Exercise:
Go through the data below and transcribe it exactly. Omit the images.

Input data:

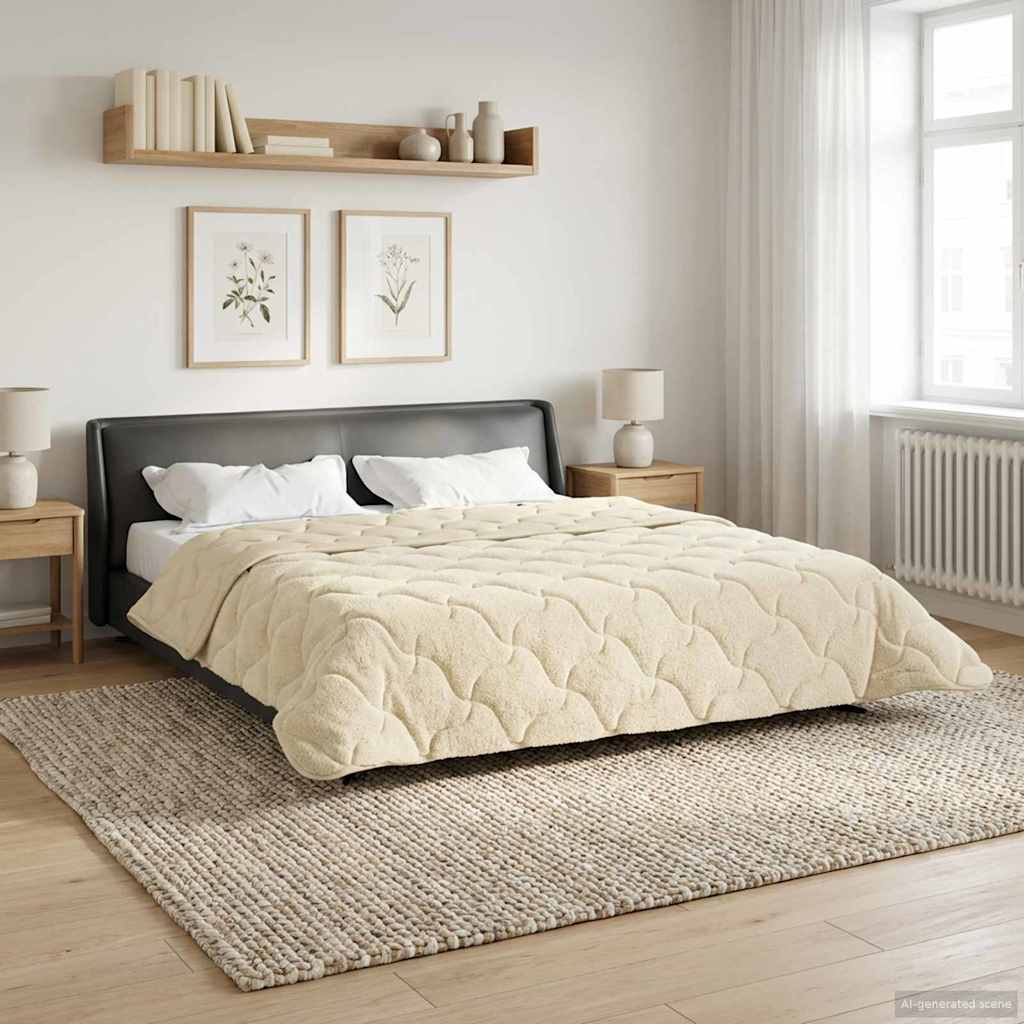 Zimska pokrivača Krema 200 x 220 cm Mikrofibra i teddy flis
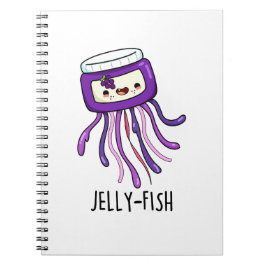 Caderno Espiral Punho de Janela de Geléia Engraçada de Água-viva 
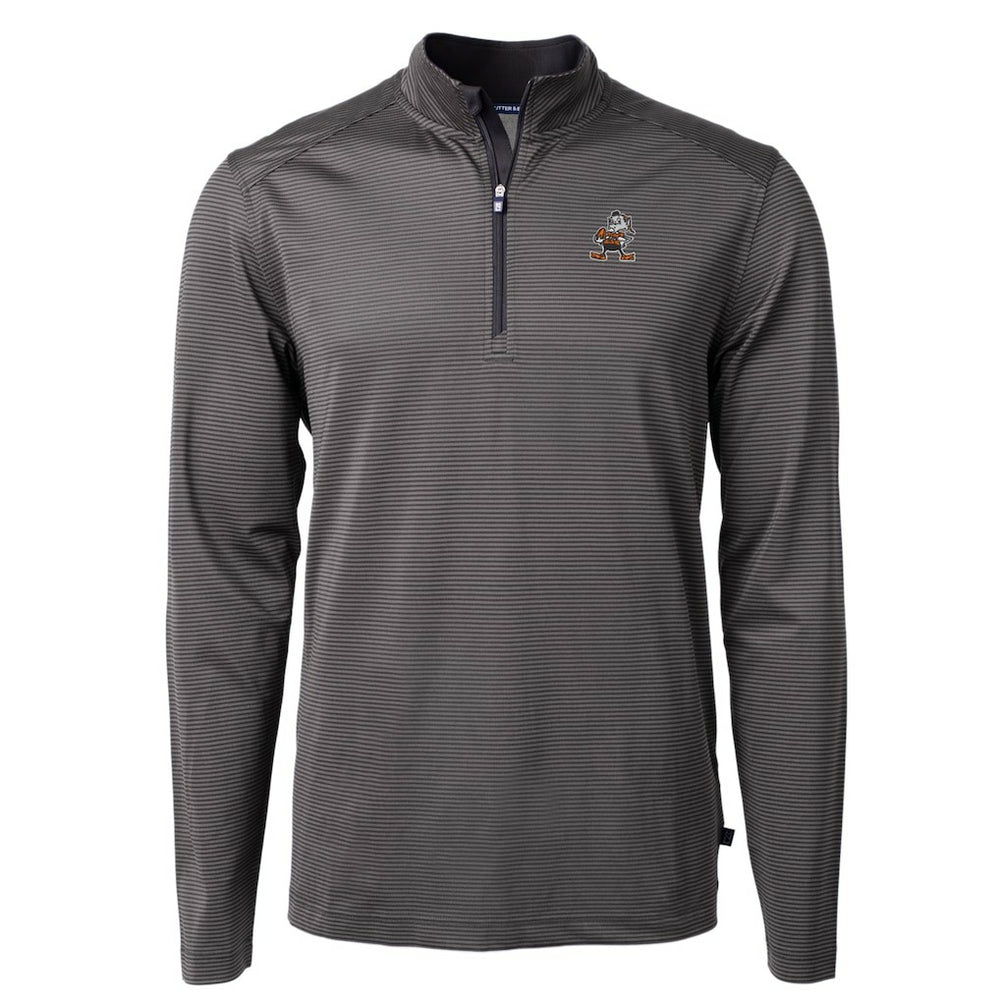 Cleveland Browns Cutter & Buck Big & Tall Virtue Eco Pique Micro Stripe Tri-Blend Quarter-Zip Jacket Black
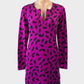 Designer Diane von Furstenberg shift dress in magenta with black leaf print, notched neck and long sleeves for office or smart casual wear.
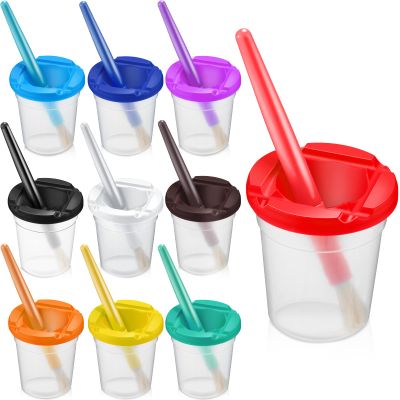 10 Pcs Paint Cups with Lids for Kids Leakproof No Spill Paint Cups and 10 Pieces Matching Colored Painting Round Brush Set Outdoor Art Supplies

Written solution:
 Zimska pokrivača Krema 200 x 220 cm Mikrofibra i teddy flis
 Caderno Espiral Punho de Janela de Geléia Engraçada de Água-viva 
 Cleveland Browns Cutter & Buck Big & Tall Virtue Eco Pique Micro Stripe Tri-Blend Quarter-Zip Jacket Black
 Designer Diane von Furstenberg shift dress in magenta with black leaf print, notched neck and long sleeves for office or smart casual wear.
 10 Pcs Paint Cups with Lids for Kids Leakproof No Spill Paint Cups and 10 Pieces Matching Colored Painting Round Brush Set Outdoor Art Supplies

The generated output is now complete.